Casanova Frankenstein (bad guy): I knew you'd know that.
Captain Amazing: Oh, I know. And I knew you'd know I'd know you knew.
Casanova Frankenstein: But I didn't. I only knew that you'd know that I knew. Did you know that?
Captain Amazing: (clears throat) ... Of course.
[source]
Amusing.
But would be the propositional logic of each sentence? Would I be correct in intuitively sensing that Casanova Frankenstein forced Captain Amazing into accepting a contradictory dead-end?
(It's been years since I once knew discrete maths.)
EDIT: Added the missing word "accepting", to better describe my initial suspicion; sorry about that.
Let's try to simplify it a little.
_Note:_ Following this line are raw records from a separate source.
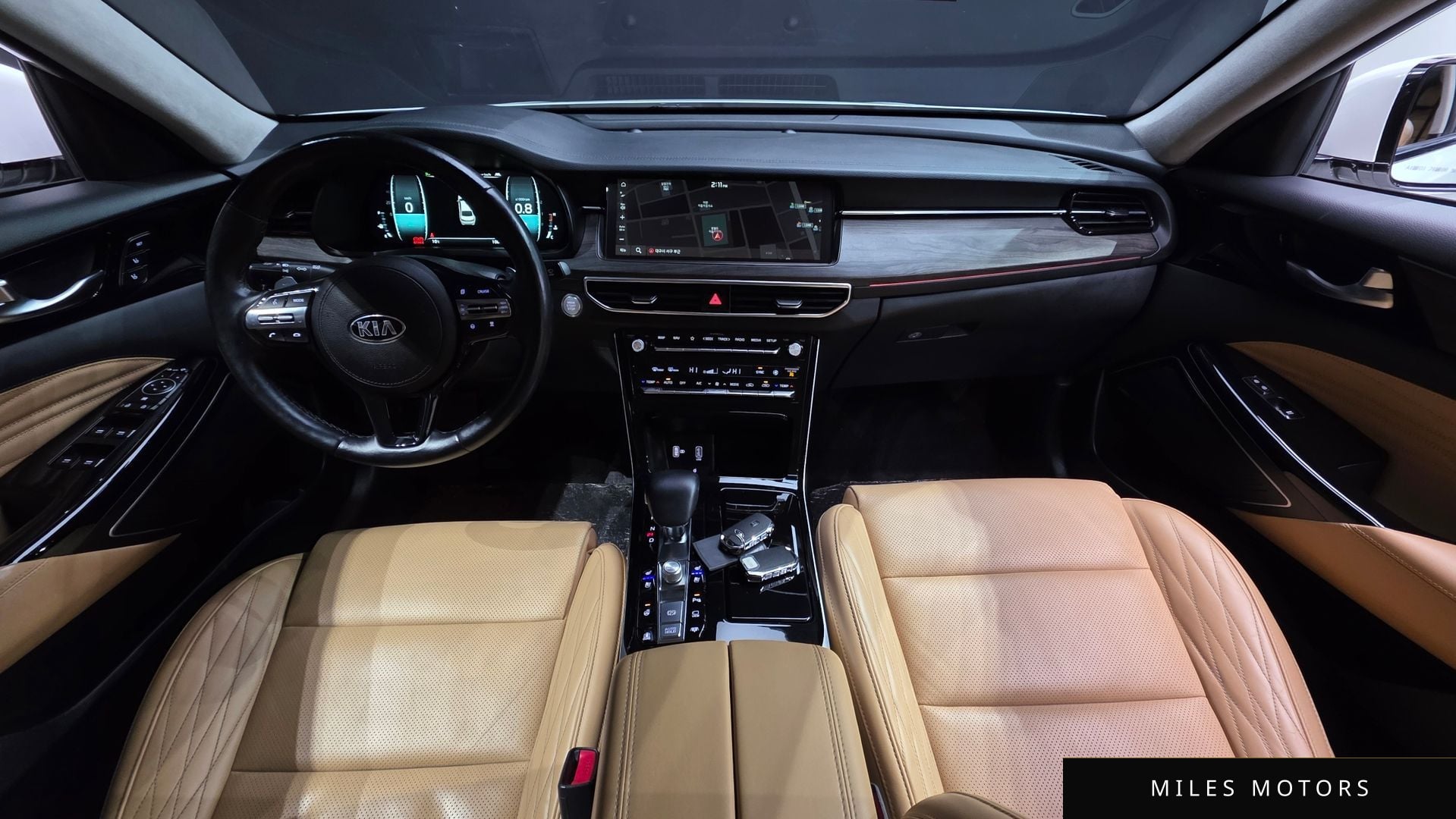 Kia K7 2020 — миниатюра 7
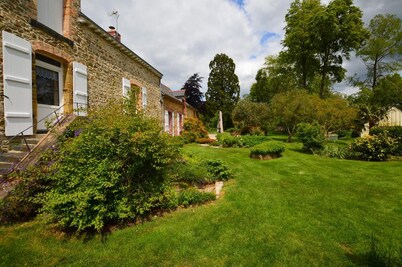 Gîte de la Madeleine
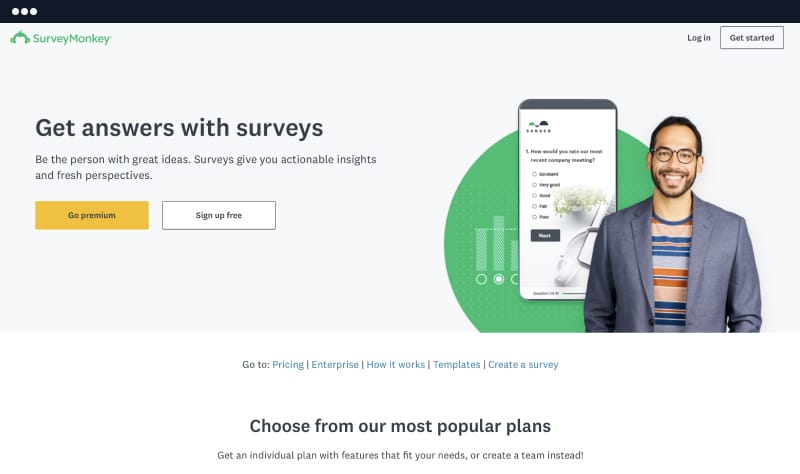 SurveyMonkey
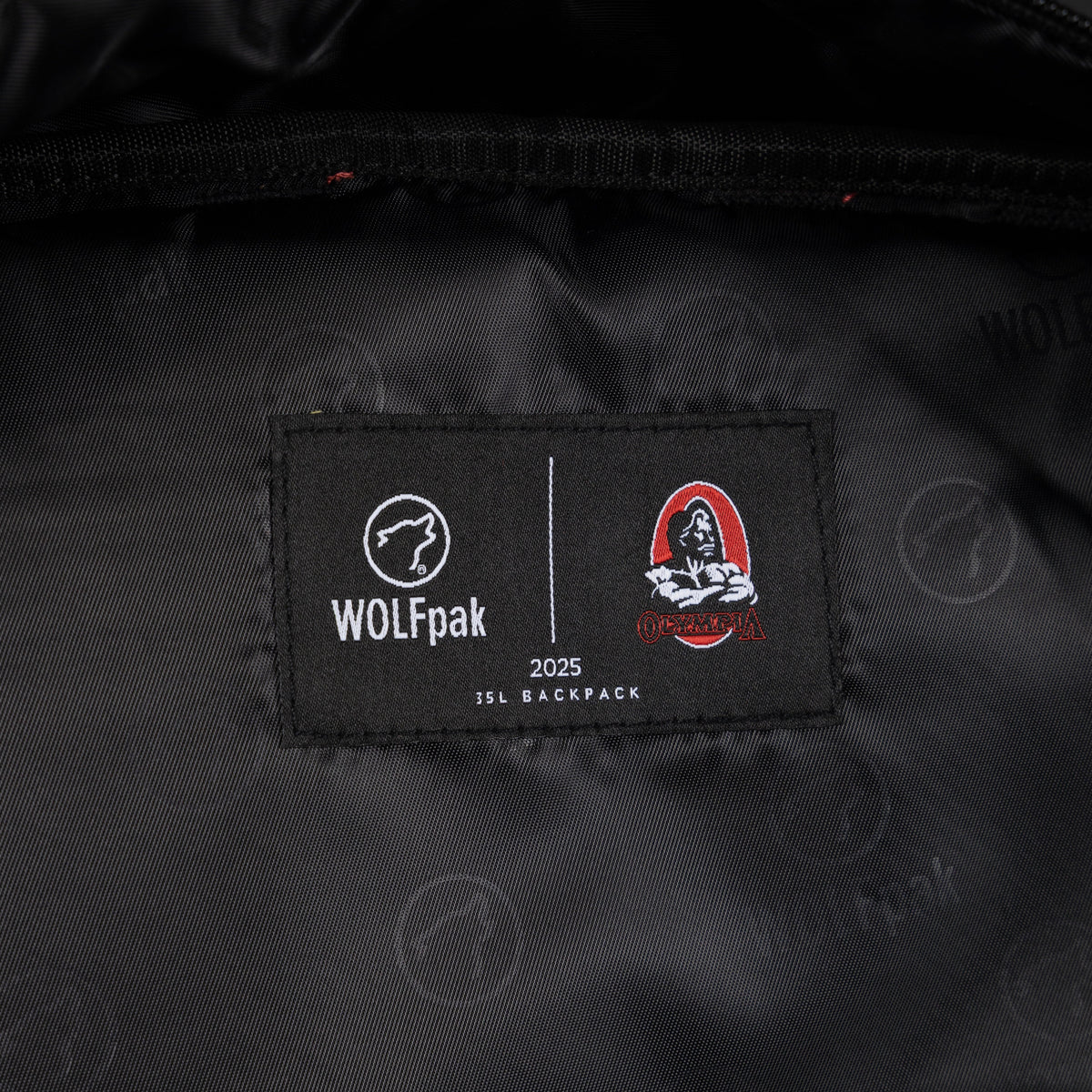 2025 Olympia 35L Backpack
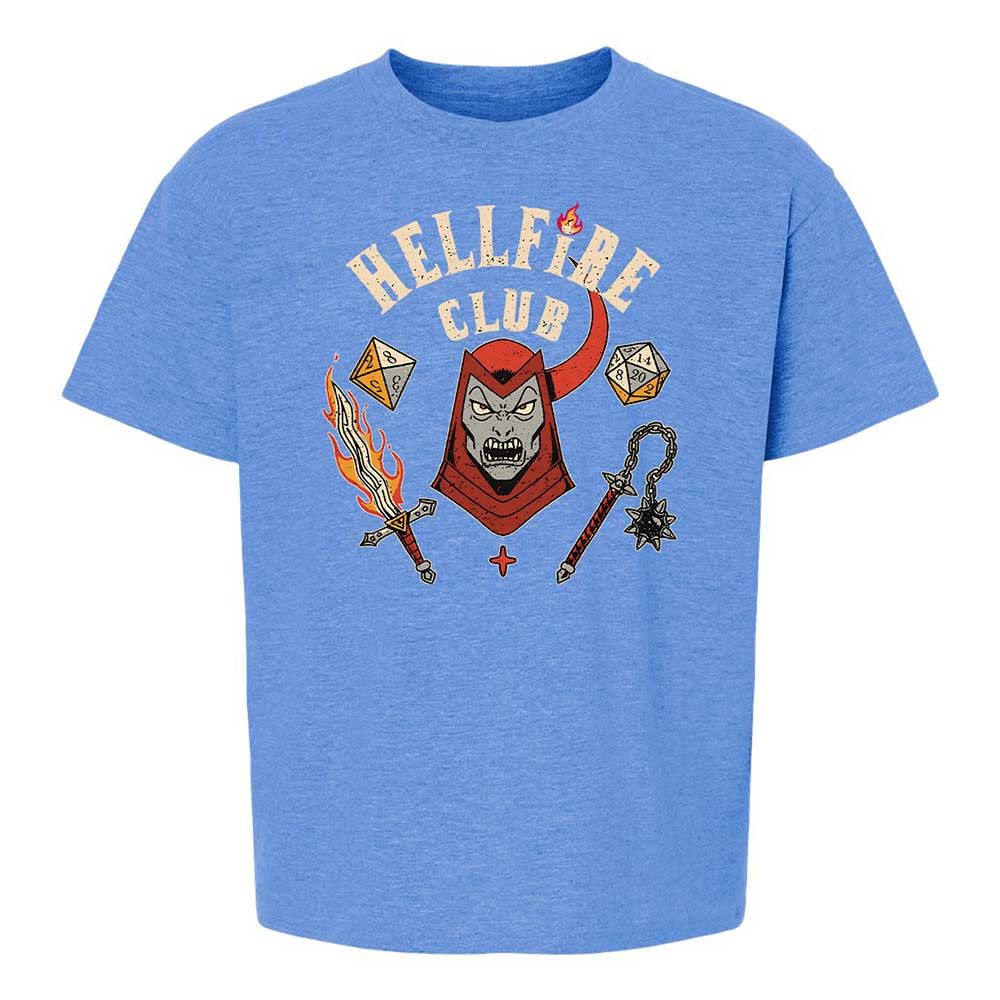 The Hellfire Vengeance - Heather Royal - 13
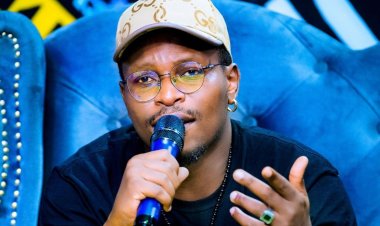 Bull Dogg yitandukanyije n'ibyo gukora 'Prank'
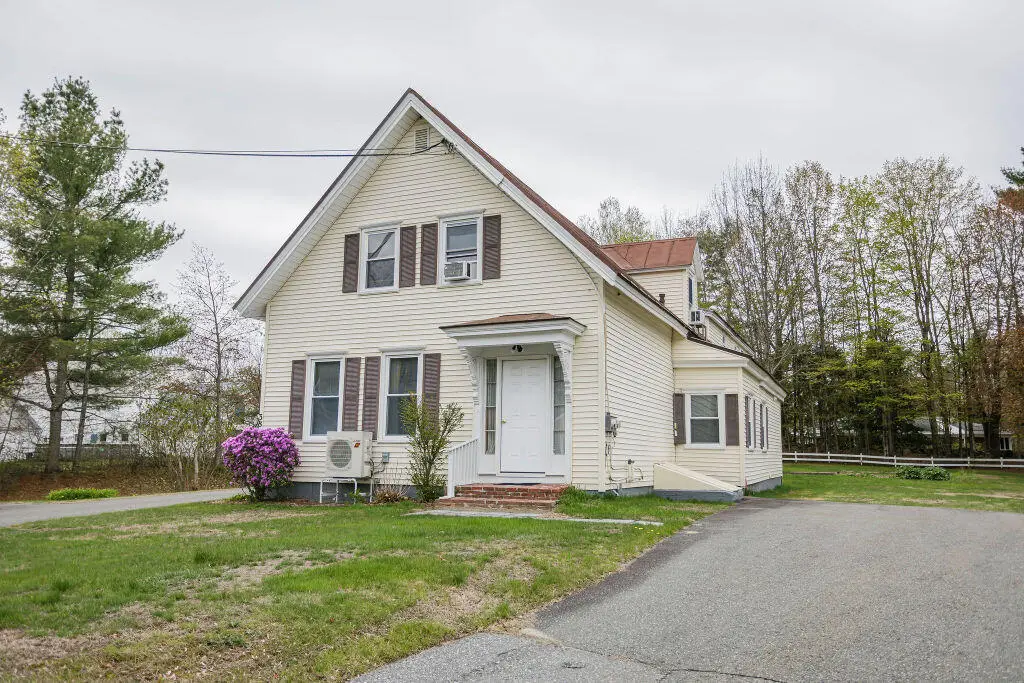 38 High Street, Wilton, ME 04294 - #1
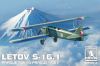 Letov Š-16.1 Prague-Tokyo-Prague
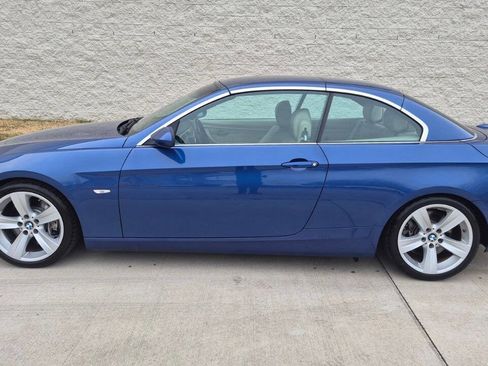 Used 2008 BMW 335i 335i 2dr Convertible image 4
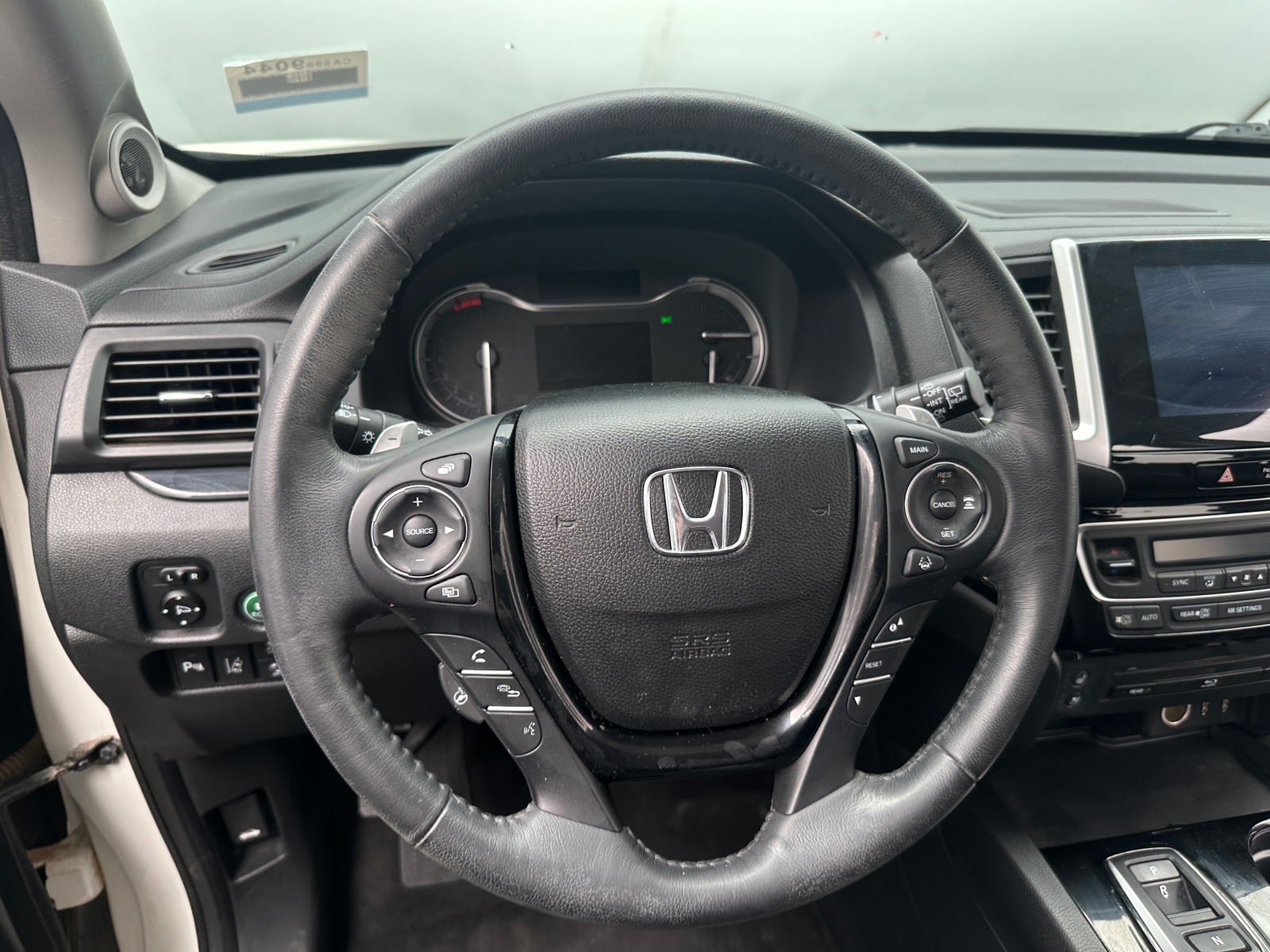 Thumbnail: 2017 Honda Pilot - 5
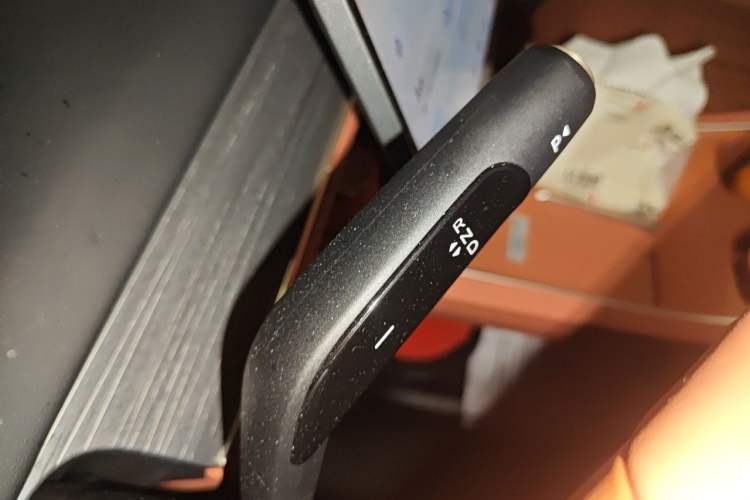 Used ONVO L60 2025 Model—60 kWh Rear-Wheel-Drive Version Gear Lever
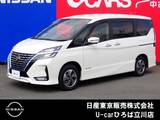 日産 セレナ 1200cc 1.2 e-POWER ハイウェイスター V 両側オートスライドドア　後席モニター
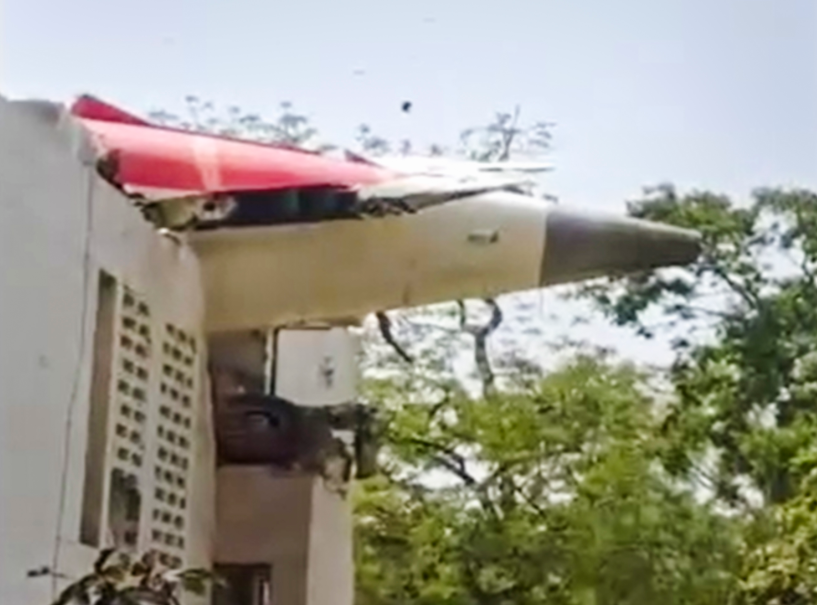 Air India Flight Crashes Into Hostel Near Ahmedabad Airport | 242 Onboard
Ignoring the difference between "know" and "knew", using A and F for Amazing and Frankenstein instead of "I" and "you", and using P for the original proposition "F can't change" here is how I interpret the relevant parts of the third and fourth lines, namely
Amazing: "...I knew you'd know I'd know you knew" and
Frankenstein: "I didn't. I only knew that you'd know that I knew."
In both of these quotations I think that the "knew" and the end means "knew A knows P."
Writing the quotation from Amazing as "...I knew Q" where Q is the proposition "you'd know I'd know you knew" I interpret Frankenstein's saying "I didn't" as a denial of Q. So here is how I understand the exchange:
Amazing: "A knows F knows A knows F knows A knows P"
Frankenstein: "F knows A knows F knows A knows P" is false, but only "F knows A knows F knows A knows P" is true.
So in this interpretation it is Frankenstein, not Amazing, who contradicts himself.
By the way, you might be interested in the notion of (logical) common knowledge and this puzzle in particular.